At the ad agency where Josh works, meanwhile, his query as to whether an ad featuring a woman suggestively inserting a banana into her mouth is a bit too much is met with the response, it’s what the client wanted. Chancing upon a sex aptitude test in a magazine, he works through it and scores a depressing minus 83. His colleague Kelly (Lily Gao) claims to have orgasms far more frequently than his once a week. And a walk outside the office confirms she is not alone, with words above the heads of satisfied-looking passers-by reading things like “this morning”, “last night” and, in the case of a couple seated on a bench with her on his lap, “right now”.
Marlon subsequently turns up for a surprise visit to Emma at the high school where she teaches, and after leaving her classroom, returns and makes sudden, passionate love to her. Or at least, she fantasises in her mind that he does so. He is also taken with the paintings of a particularly talented 15-year-old girl Aisha (Eden Cupid), and hang already taken down the testicle photo show, acquires them for display in his gallery.
Josh and Emma try to think of ways to spice up their flagging sex life. They try a threesome, with Wendy invited over for dinner as the third person, but it transpires that Wendy, while not at all interested in Josh, has been secretly smitten with Emma for years.

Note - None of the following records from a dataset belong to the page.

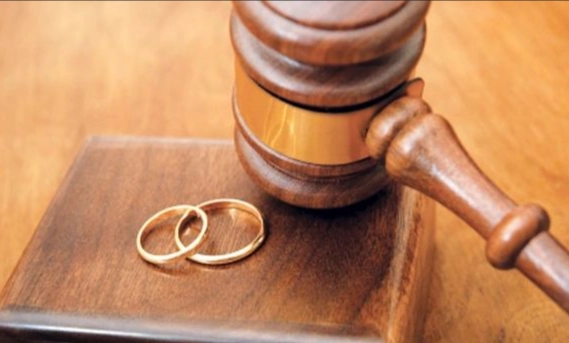 VIDEO FOTO Prezentatoarea TV care a divorțat în secret, surprinsă în ipostaze tandre cu un cunoscut actor de la Pro TV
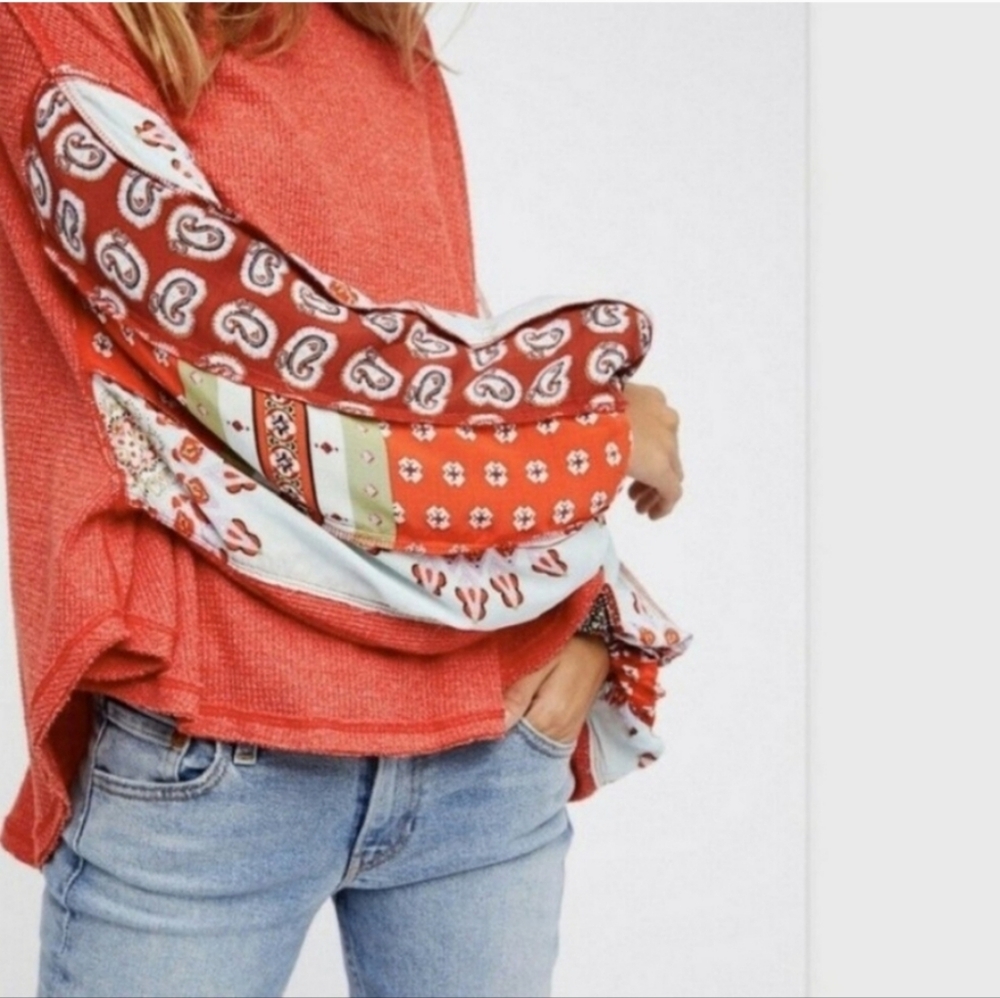 Free People We The Free Bandana Cuff Thermal Top Red Pink Paisley Sleeve - Picture 6 of 10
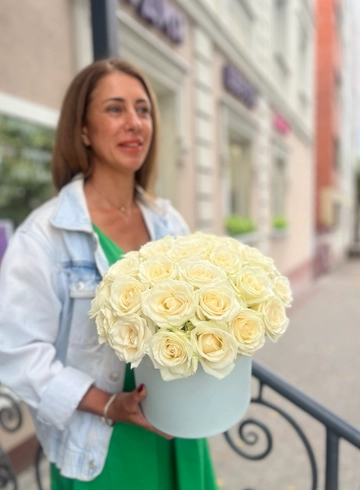 Композиция из роз «Симфония» от интернет-магазина цветов в 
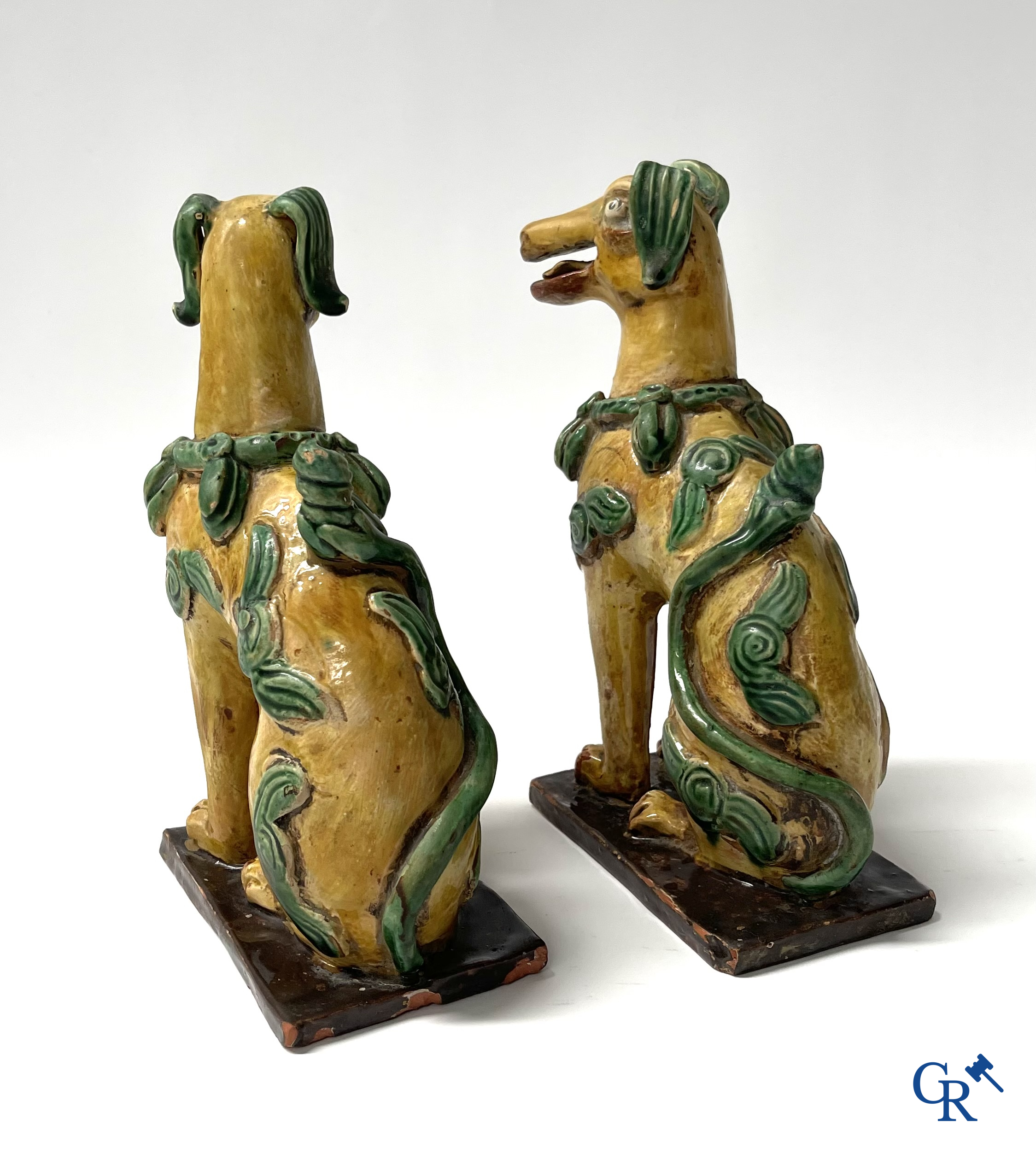 Aziatica, Een paar zittende honden in Chinees geëmailleerd aardewerk.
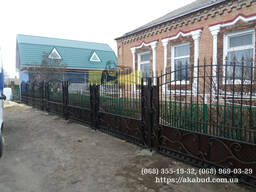 Забор из профнастила, кованные ворота, кованый забор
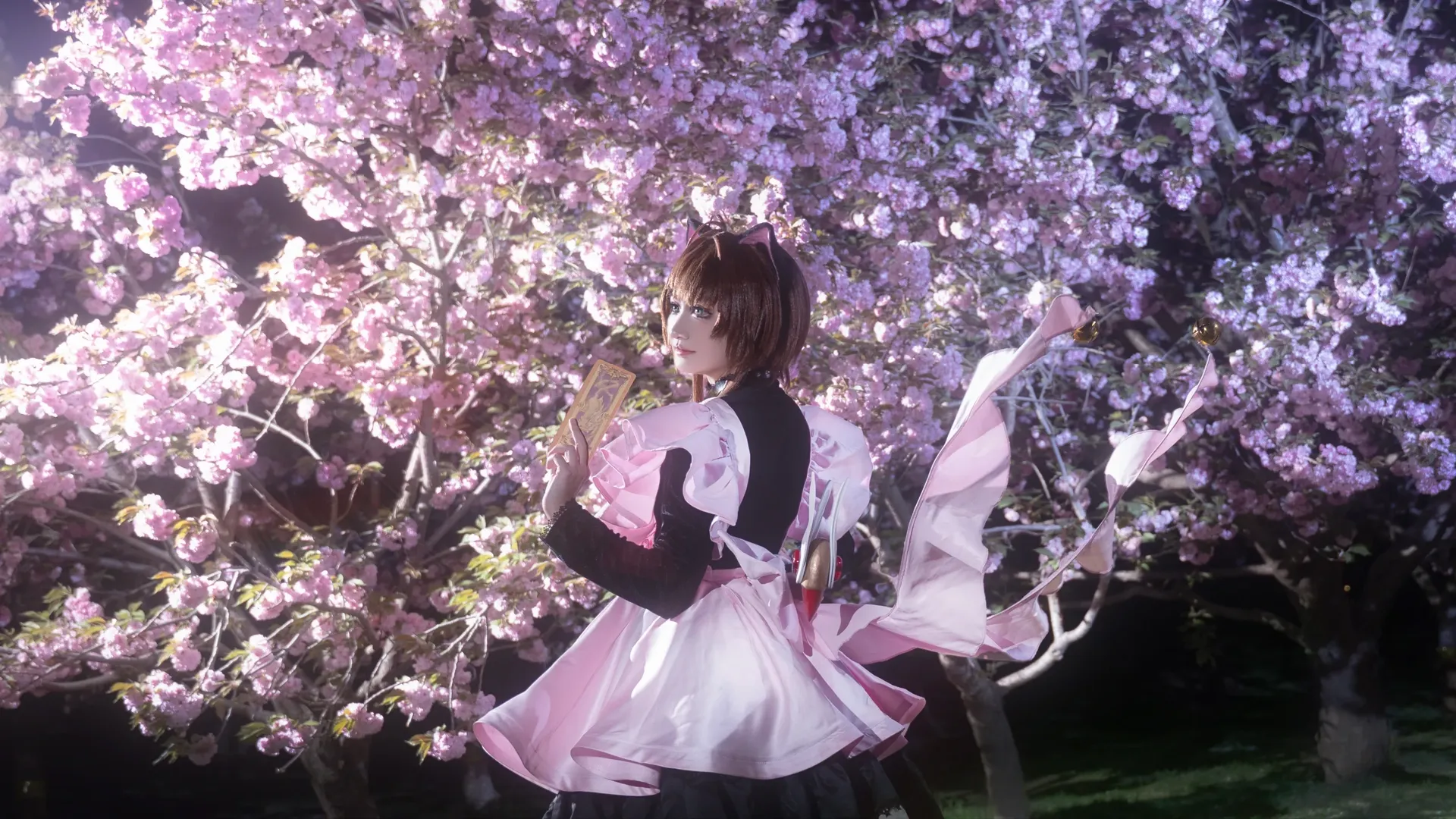 【木之本樱cos】夜樱之下的魔卡少女樱，雷牌战斗服的完美还原 - 第 3 张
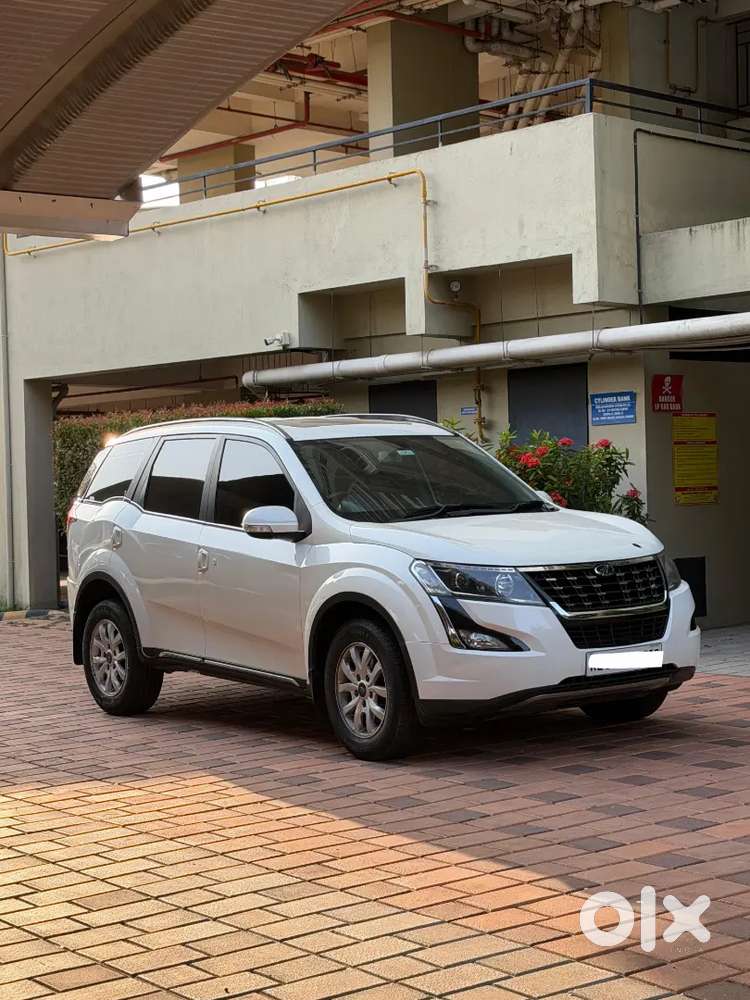 Mahindra Xuv500 W9 Diesel Manual Single Owner Sunroof 2018 Model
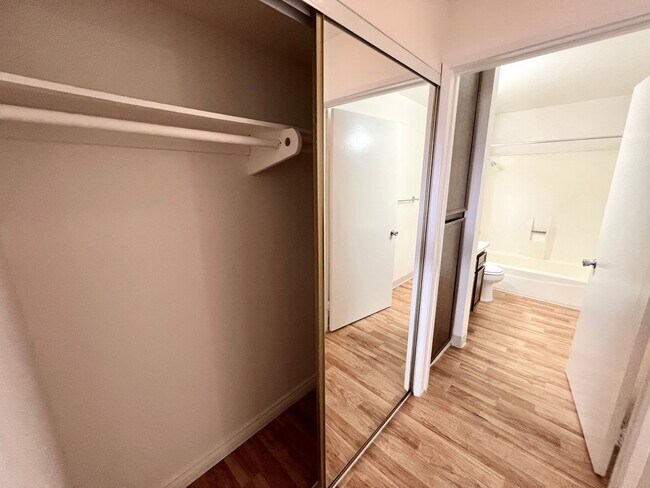 Building Photo - Mission Valley Condo for Rent | 1 Bed • 1 Bath | Resort-Style Community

At work, keen to help, Kelly suggests to Josh that he and Emma visit a sex club, only to find the members include her dad. And, worse still, her mum. Later on, they also try taking ecstasy. Will their experiences of seven days of freedom make a difference once the kids are back home?
The whole thing is very likeable and watchable and contains surprisingly small amounts of exposed flesh (scenes in the bedroom, for instance, involve women wearing T-shirts in bed). The parenting and sex subject matter makes this an obvious candidate for home viewing platforms, with its likely target audience stuck at home with the kids tucked up in bed rather than able to get out to the cinema of an evening, but that’s certainly no reflection on the calibre of the film.
Its approach makes a refreshing change from the usual boy meets girl romcom, and it’s perhaps surprising that plots like this aren’t far more common as one can imagine them as a popular home viewing subgenre. Visual media in the sex-obsessed Western world so often portrays romance and / or sex through rose-tinted spectacles, a be all and end all, whereas this little film bravely takes on that assumption to suggest that sex, while it may be important, might not be the be all and end all so often presented on our screens. No masterpiece, perhaps – it’s no Bad Luck Banging Or Loony Porn (Radu Jude, 2021) by a long way – but enjoyable enough on its own terms.
The End Of Sex is out on digital in the UK from Monday, July 3rd.